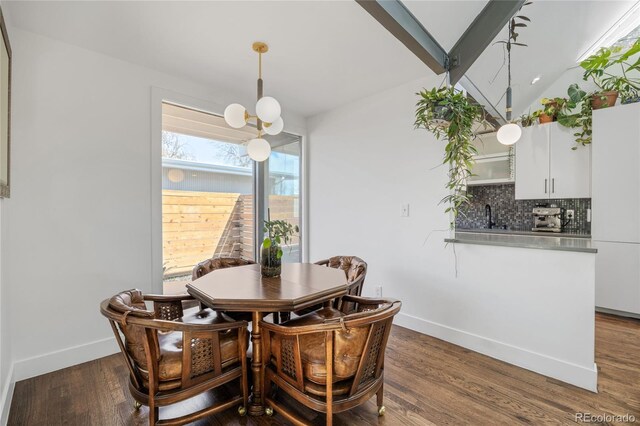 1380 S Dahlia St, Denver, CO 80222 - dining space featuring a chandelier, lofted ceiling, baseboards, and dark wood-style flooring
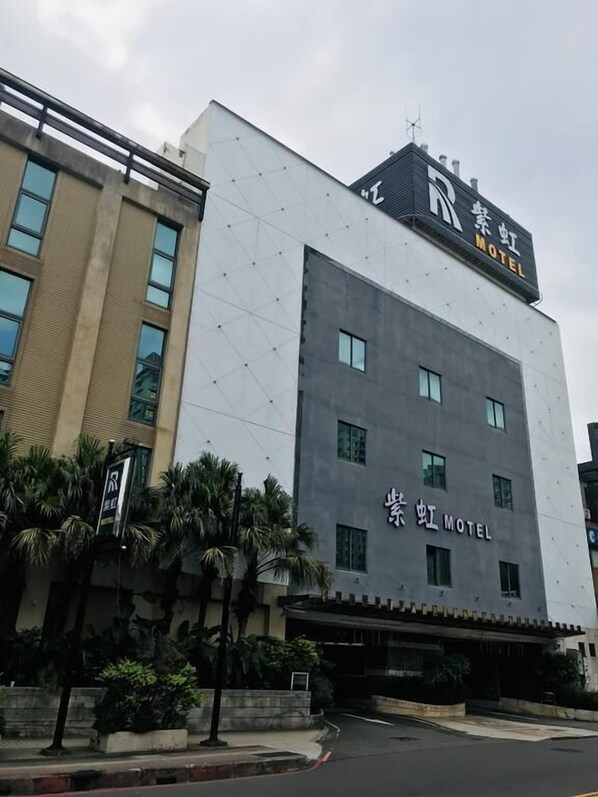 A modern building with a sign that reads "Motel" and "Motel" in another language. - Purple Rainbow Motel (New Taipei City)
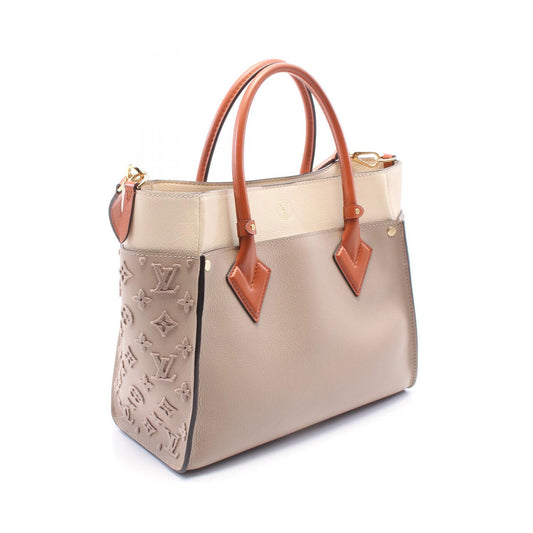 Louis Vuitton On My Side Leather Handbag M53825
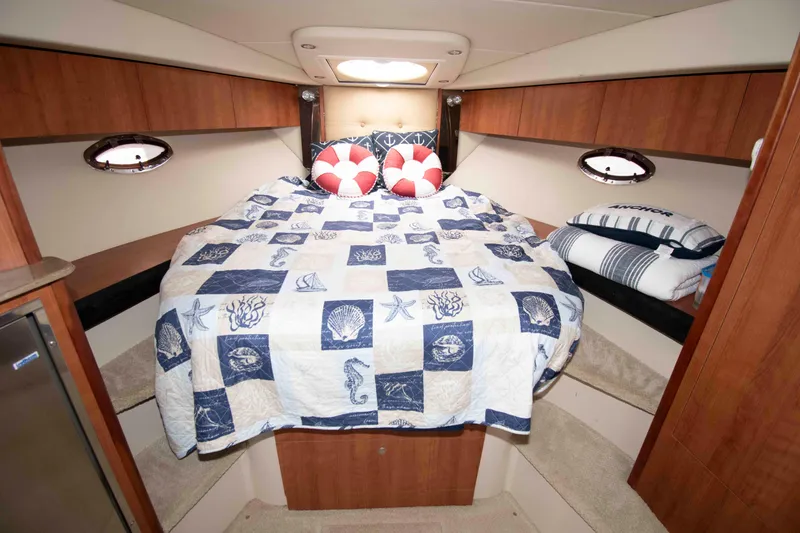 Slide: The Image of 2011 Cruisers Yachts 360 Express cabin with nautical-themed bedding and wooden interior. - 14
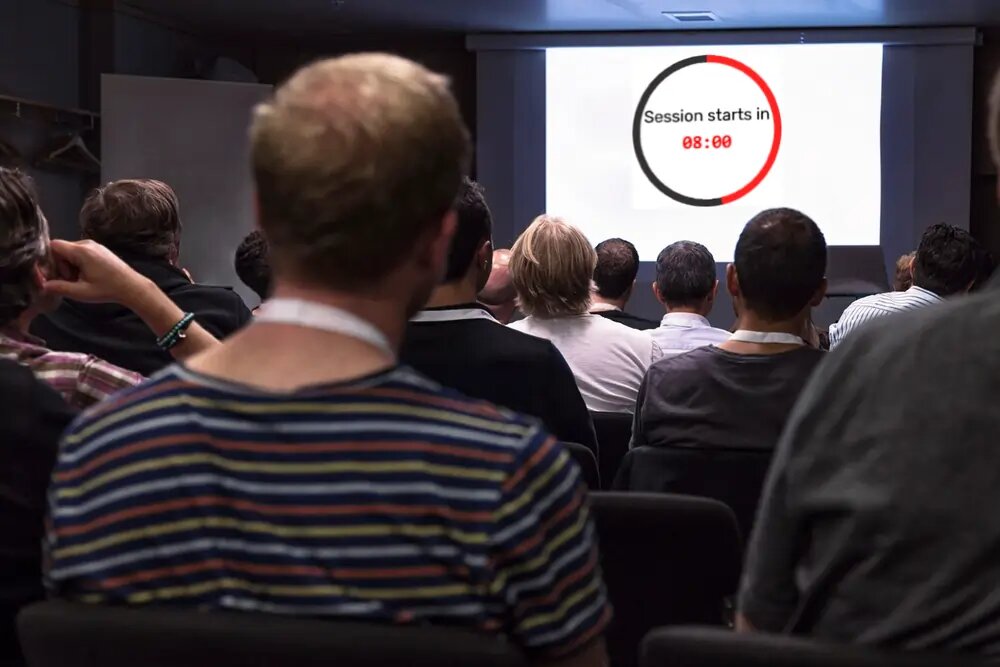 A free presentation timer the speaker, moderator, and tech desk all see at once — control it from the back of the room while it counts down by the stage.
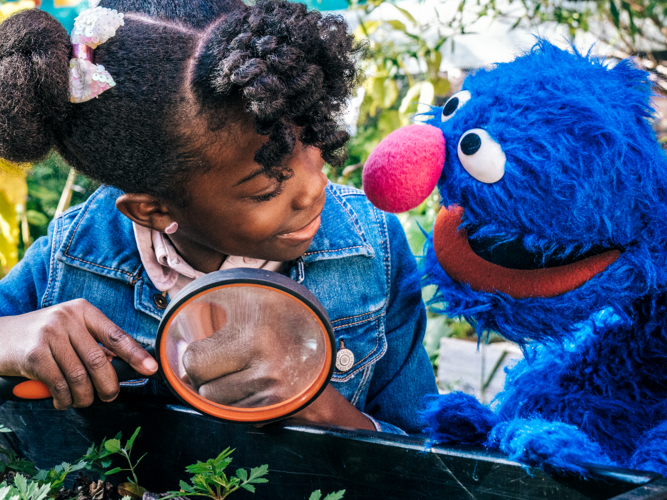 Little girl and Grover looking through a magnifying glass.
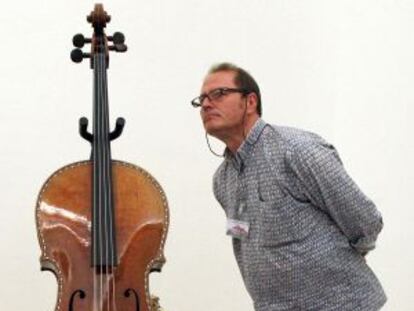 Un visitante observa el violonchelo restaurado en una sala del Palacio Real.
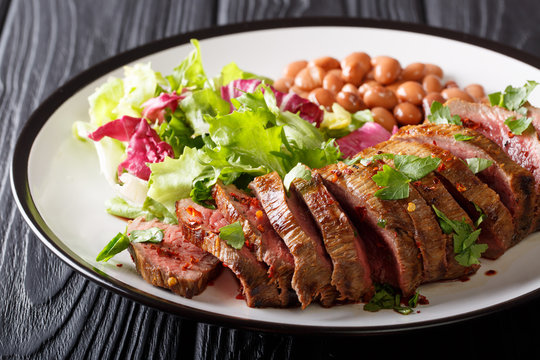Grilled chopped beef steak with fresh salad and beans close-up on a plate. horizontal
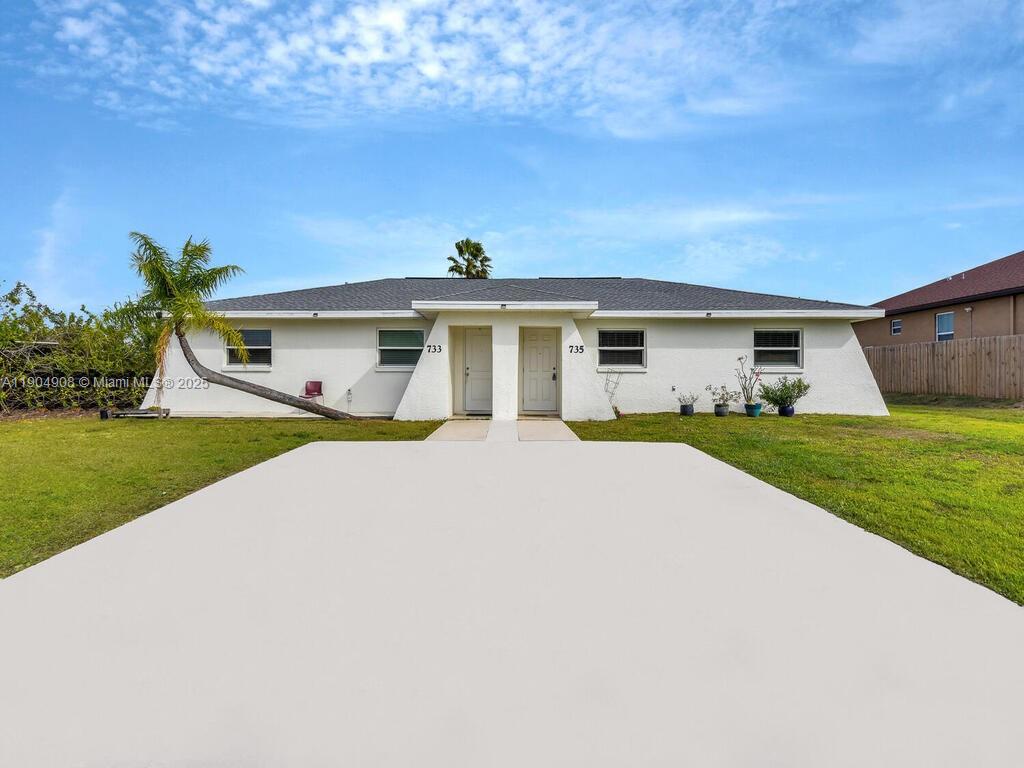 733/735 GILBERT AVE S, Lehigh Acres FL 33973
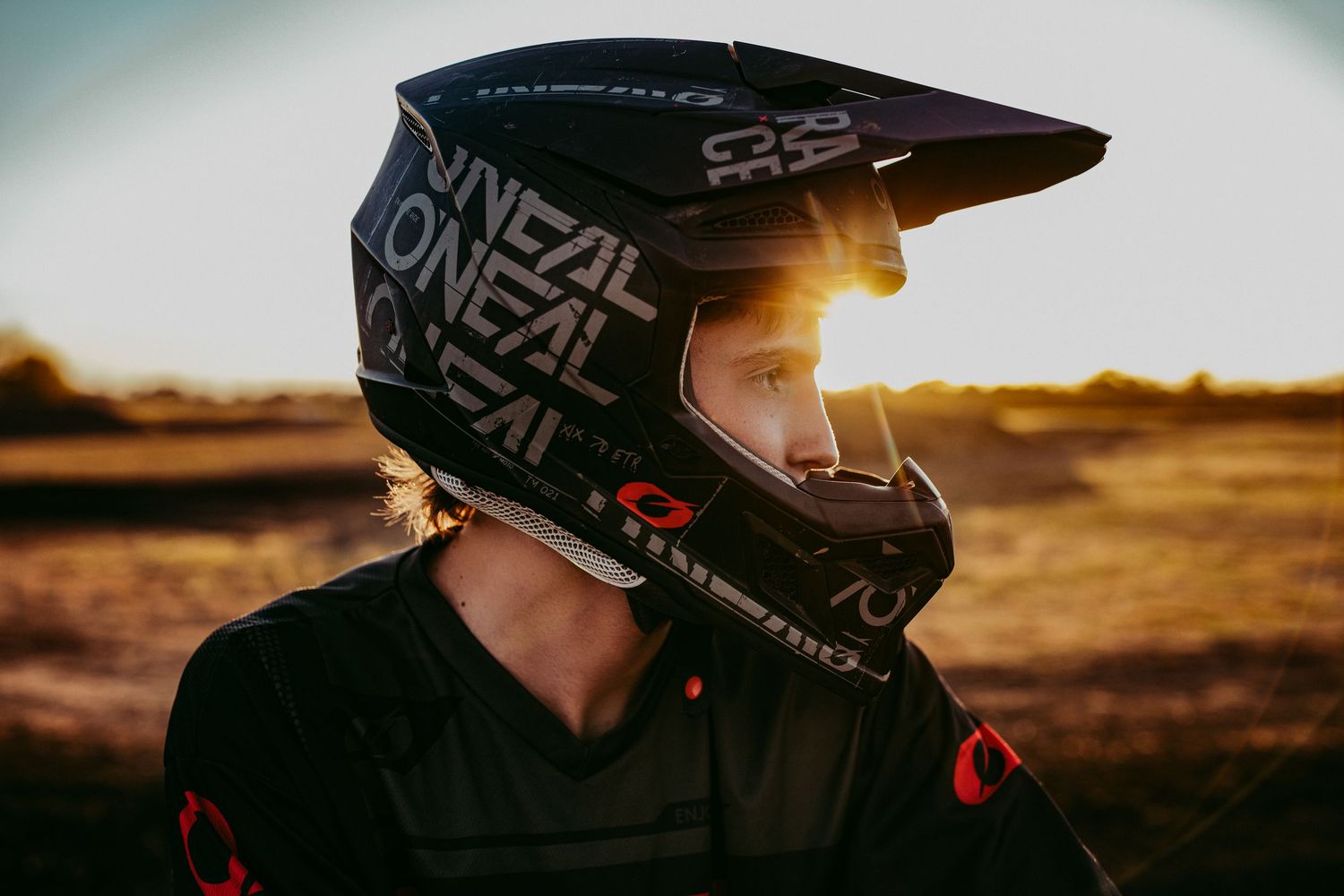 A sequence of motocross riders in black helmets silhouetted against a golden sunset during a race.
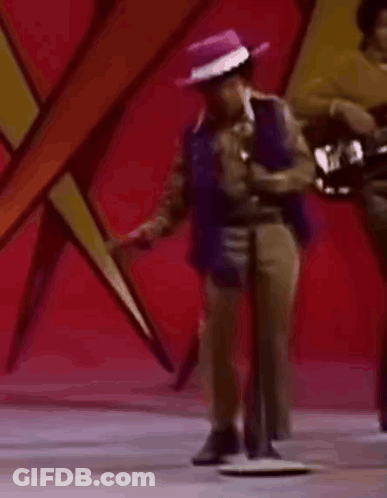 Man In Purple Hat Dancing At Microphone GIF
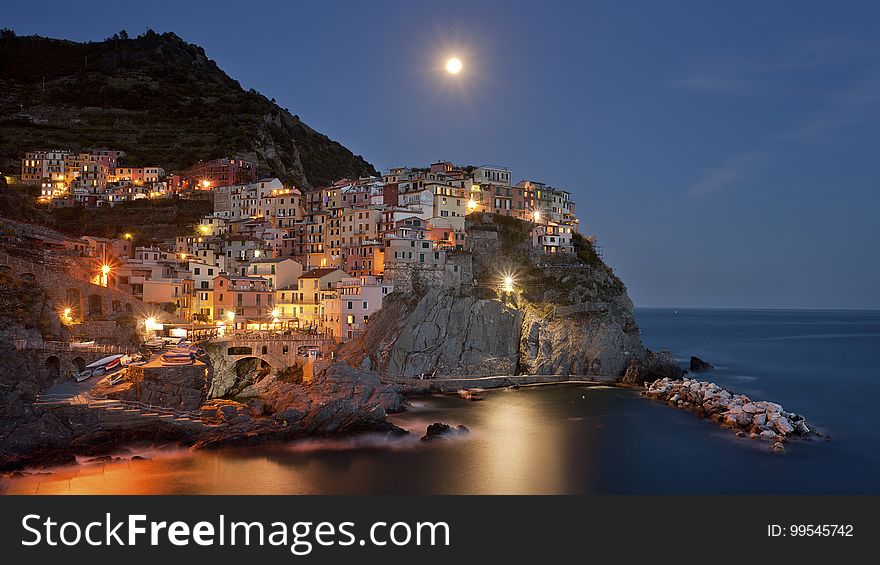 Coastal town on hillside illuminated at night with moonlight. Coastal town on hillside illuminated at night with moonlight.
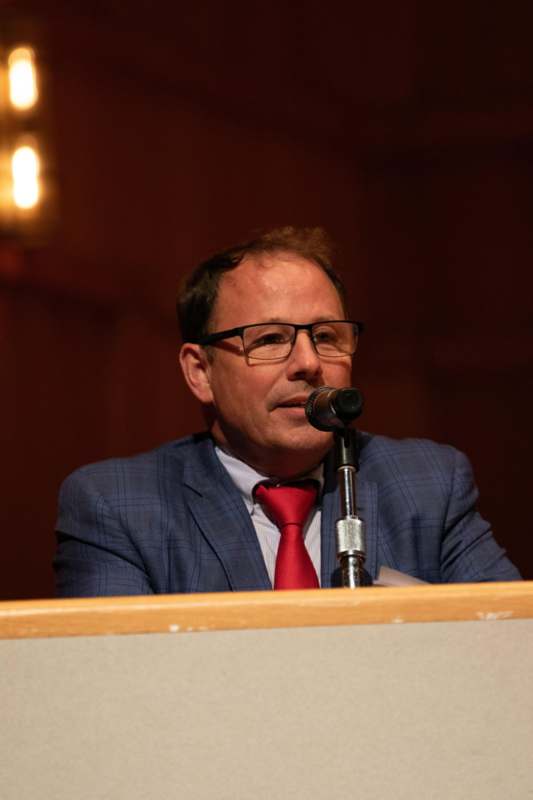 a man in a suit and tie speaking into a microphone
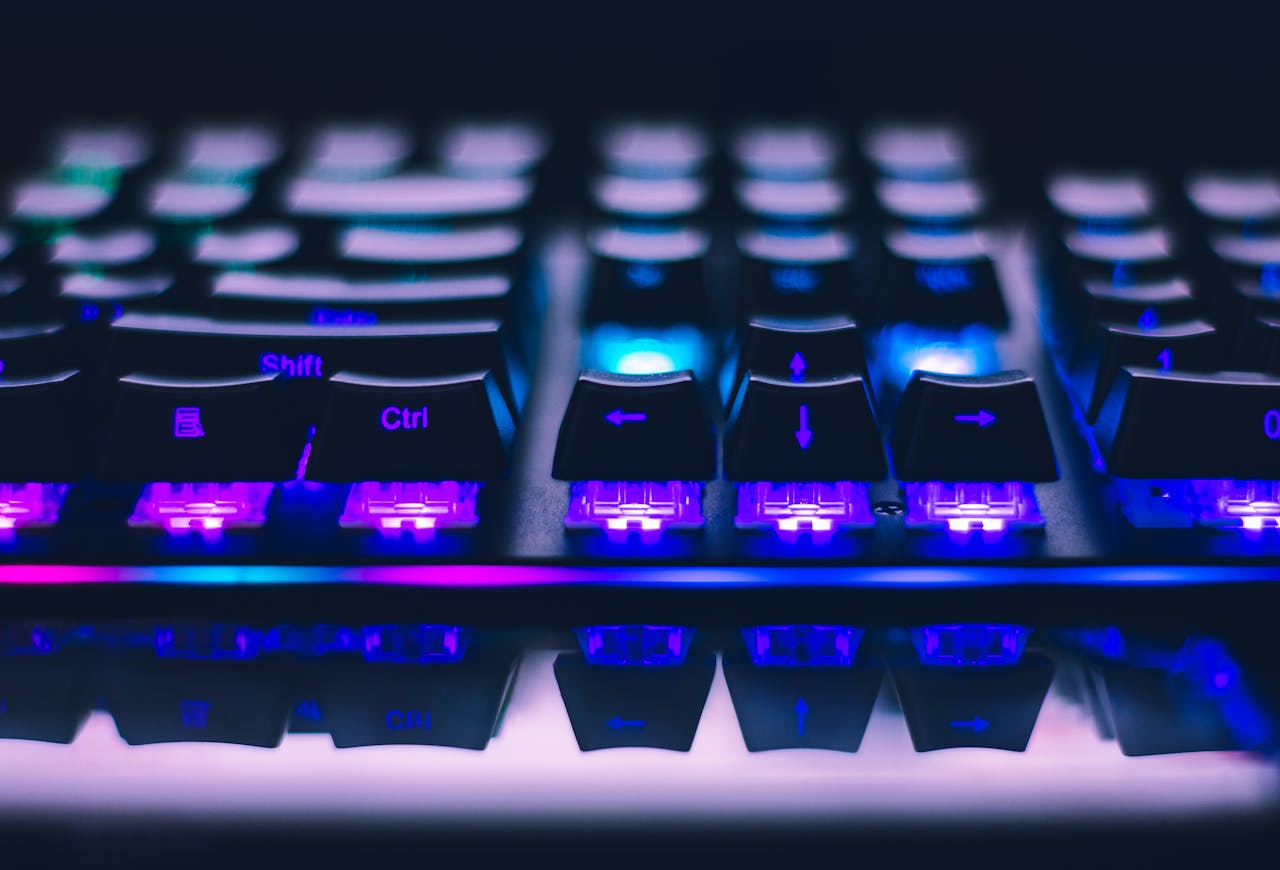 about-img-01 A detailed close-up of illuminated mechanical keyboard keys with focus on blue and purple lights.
——
Your instructions: Taking the material above, give again exactly the lines from the one holding "Little girl and" through the one holding "A sequence of", with both ends and without pictures.

Exercise response:
 Little girl and Grover looking through a magnifying glass.
 Un visitante observa el violonchelo restaurado en una sala del Palacio Real.
Grilled chopped beef steak with fresh salad and beans close-up on a plate. horizontal
 733/735 GILBERT AVE S, Lehigh Acres FL 33973
 A sequence of motocross riders in black helmets silhouetted against a golden sunset during a race.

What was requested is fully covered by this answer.